In the last few weeks the
pundits are questioning the viability of investing in equities. As a
result of the financial crisis, equities and real estate are down 30-50%, while
US government bonds (Treasuries) have had strong positive returns.
Furthermore, the pundits say that over the last 10 years the performance for
equities is now below that of bonds. (Keep in mind that when they speak about equities,
they are speaking about the S&P 500, which is only one investment category.)
They ask: Why take on the
additional risks of equities when you don’t even get rewarded over a
longer timeframe of, say, 10 years? Why
not buy Treasuries and decrease your
risk, uncertainty, and stress and still make as much money as you would in
equities?
While
Treasuries might appear to be the safe haven, buyer beware!

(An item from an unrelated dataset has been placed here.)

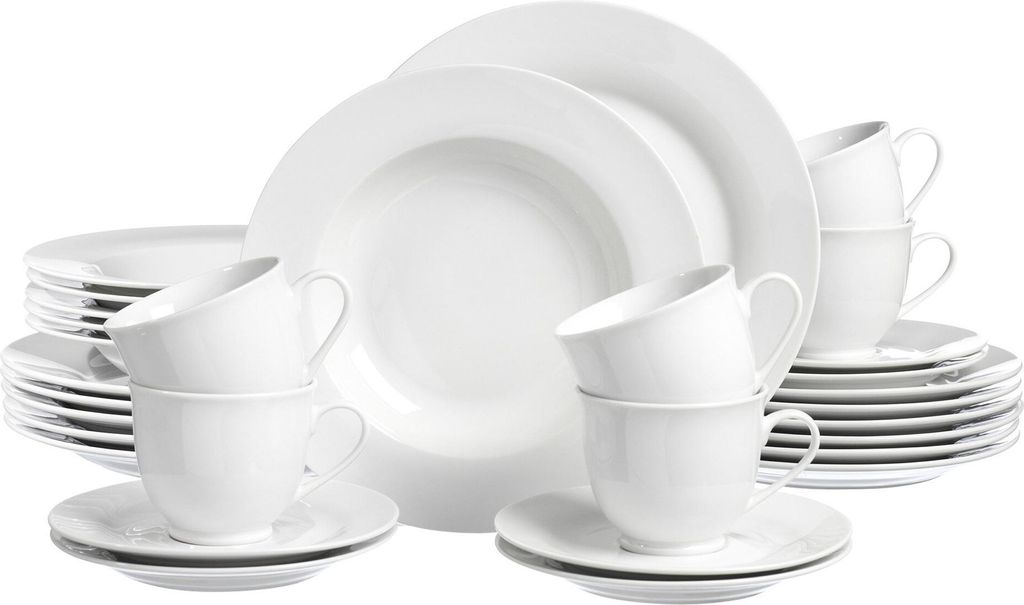 Ritzenhoff & Breker BIANCO Kombiservice 30-tlg., Geschirrset, Service, Rund, Porzellan, Weiß, 97252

At this point in time, the
expectation for Treasuries is that they will do much worse than equities in the
coming years. Treasuries are also vulnerable to inflation (which is becoming a
more likely possibility). Therefore, a bond-only portfolio is far riskier
than we might think.
There are two important rules in
investing:
1) Buy low, sell high.
(Bonds are at an all-time high, stocks are at an all-time low. Your
choice is simple.)
2) Diversify. (The
only people who have lost all their money have been those concentrated in just
one or a few investment categories. Diversified investors have never lost
all their money.)
Can people who invest only in bonds lose
everything? Yes, it’s happened before. In Germany in the
1920s, because of hyperinflation, bond-holders lost it all.
Bonds represent only a few of
the many investment categories available in a highly diversified portfolio
(like my Rainbow Portfolio).
Given all the uncertainty today and that no
one can know the future, this is the most compelling time to choose a highly
diversified strategy. It is not the time to put all your money into
Treasuries, or for that matter, into any one investment category.